Housing construction jumped for the second straight month in July to its fastest pace in more than a decade.

Builders started construction of new housing units at a seasonally adjusted annual rate of 1,718,000 units in July, the Commerce Department said Wednesday. Home-building activity has not been heavier since 1987.

The unexpected 5.7 percent increase followed a June rise to a revised 1.63 million units that was even sharper than the department previously reported.

Including July, home building has now stayed above the 1.5 million unit rate for 11 straight months, a stretch unprecedented since the mid-1980s.

The building boom has been fueled by new-home sales, which hit another record high in June.

Home buyers have been plentiful with unemployment at its lowest in decades. And interest rates on fixed-rate 30-year mortgages, which dipped to an average 6.91 percent last week, haven't been much better since 1993.

Economists expected the good news on mortgages to continue after the Federal Reserve on Tuesday decided to leave short-term interest rates unchanged because there are few signs of inflation. The Fed also is waiting to see how much the financial crisis in Asia will slow the U.S. economy.

But July did not bring the slight slowdown analysts were expecting in home building. They predict some layoffs at American factories resulting from the Asian situation will eventually decrease demand.

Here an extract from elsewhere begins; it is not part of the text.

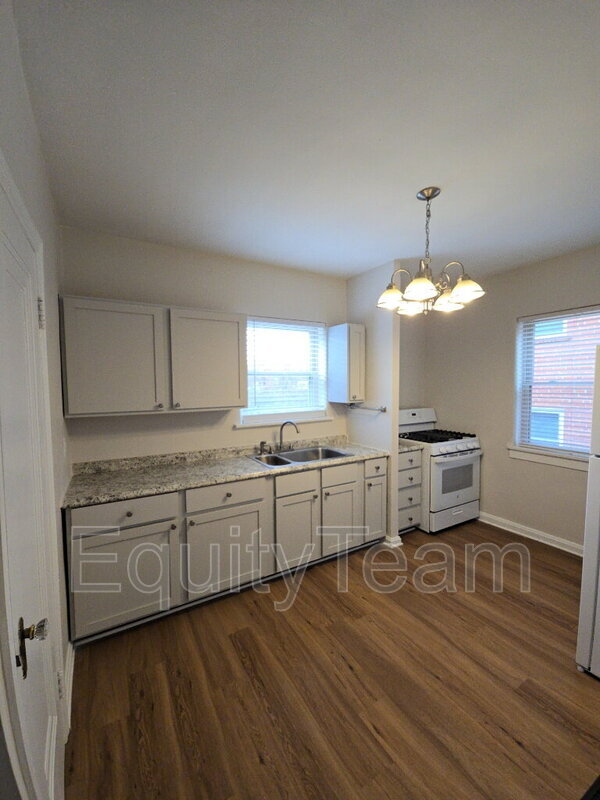 Building Photo - 4379 Ridgeview Ave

The National Association of Homebuilders said Tuesday its survey of builders' plans this month showed them to be only a little less optimistic.

Housing permits, a leading indicator of future building plans, bounced back up by 4 percent to a rate of 1.58 million units in July after a 1.7 percent decline in June.

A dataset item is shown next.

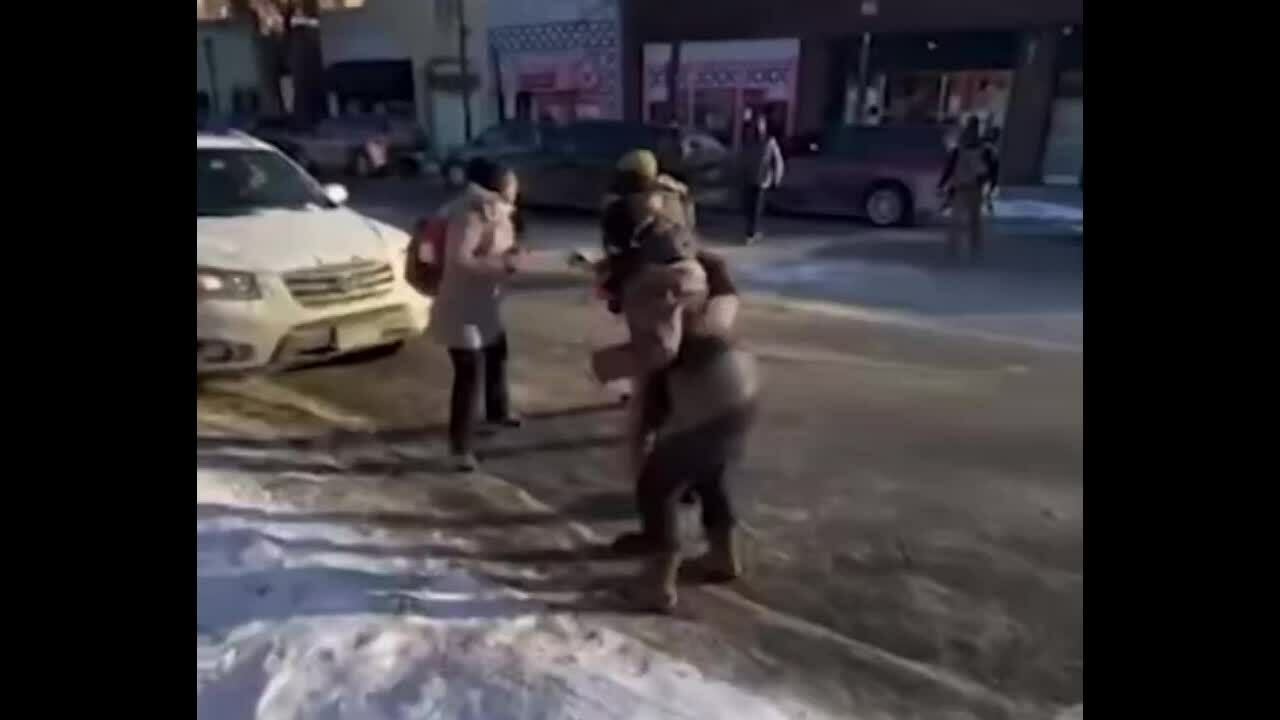 Đặc vụ liên bang bắn chết công dân Mỹ tại Minneapolis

New construction of single-family homes was up 3.0 percent in July, to a seasonally adjusted annual rate of 1.31 million units the best since 1993.

Apartment building starts were up a whopping 15 percent, to 412,000 units.

By region:

  • Housing starts in the Northeast were up 11.8 percent to 152,000 units.
  • In the South, they were up 6.8 percent to 813,000.
  • In the West, up 4.3 percent to 436,000 units
  • The Midwest had the most modest rise in home building, up 1.9 percent to 317,000 units.